Multicolour electroluminescent display device

Abstract

 A multicolour electroluminescent display device uses a layer (22) of material, e.g. ZnS:Mn, of which the brightness/ voltage characteristic exhibits hysteresis, and a second layer (18) of material, e.g. ZnS:Cu,Al, without hysteresis and with a different emission spectrum. An alternating voltage is applied across the layers and, initially, is divided such that the voltage across each layer is insufficient to excite either layer into emission. A voltage pulse is momentarily applied so as to excite the layer 22 into emission. After removal of the voltage pulse, the operating point of the layer 22 is such that the alternating voltage divides so as to excite, as required, either or both layers. In accordance with the value of the voltage pulse, any colour mixture of the colours emitted by the two layers can be displayed. The voltage pulse can be supplied by an X-Y arrangement of electrodes (14, 26) or by an electron or light beam. The invention can be extended to three or more layers of electroluminescent material.

Description

[0001] This invention relates to a multicolour electroluminescent display device.

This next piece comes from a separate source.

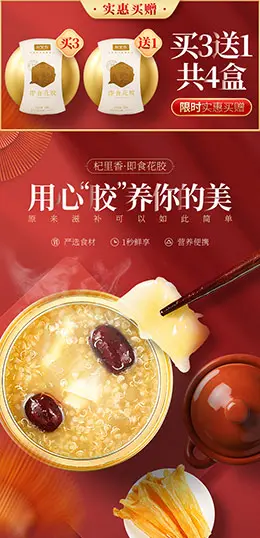 杞里香即食花胶鱼胶 产品详情页设计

[0002] Electroluminescent materials of which the applied voltage/brightness characteristics exhibit hysteresis are known-but have not been employed in a multicolour display. The particular property of the materials is that after having been excited to emission by a given voltage, a lesser voltage is required to maintain the emission.

[0003] It is clearly advantageous to provide a display device capable of providing a range of colours and it is to the aim of providing such a device that this invention is directed.

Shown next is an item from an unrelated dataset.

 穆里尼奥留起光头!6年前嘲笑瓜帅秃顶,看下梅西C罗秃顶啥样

[0004] A particular advantage of using an electroluminescent material with hysteresis, is that there is no need to remember the state to which the display or a particular element of the display is excited. This eliminates the extensive storage facilities otherwise required.

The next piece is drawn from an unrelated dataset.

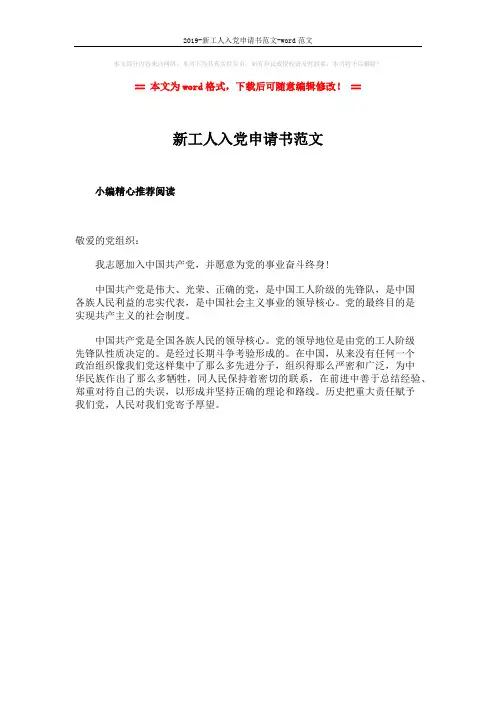 2019-新工人入党申请书范文-word范文 (1页)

[0005] According to the invention, a multicolour electroluminescent display device comprises two superimposed layers of electroluminescent material and means for applying an alternating voltage across the layers, characterised in that the electroluminescent material of one layer has an applied voltage/brightness characteristic exhibiting hysteresis whereas the material of the other layer has not such a characteristic, the materials of. the respective layers have different emission spectra, the alternating voltage is insufficient to initiate emission from the layers, and in that there is provided a means for selectively and momentarily increasing the voltage across the one layer whereby the first layer is excited into emission, the arrangement being such that after removal of the increase in voltage the alternating voltage is divided so that selectively either or both layers are excited into emission.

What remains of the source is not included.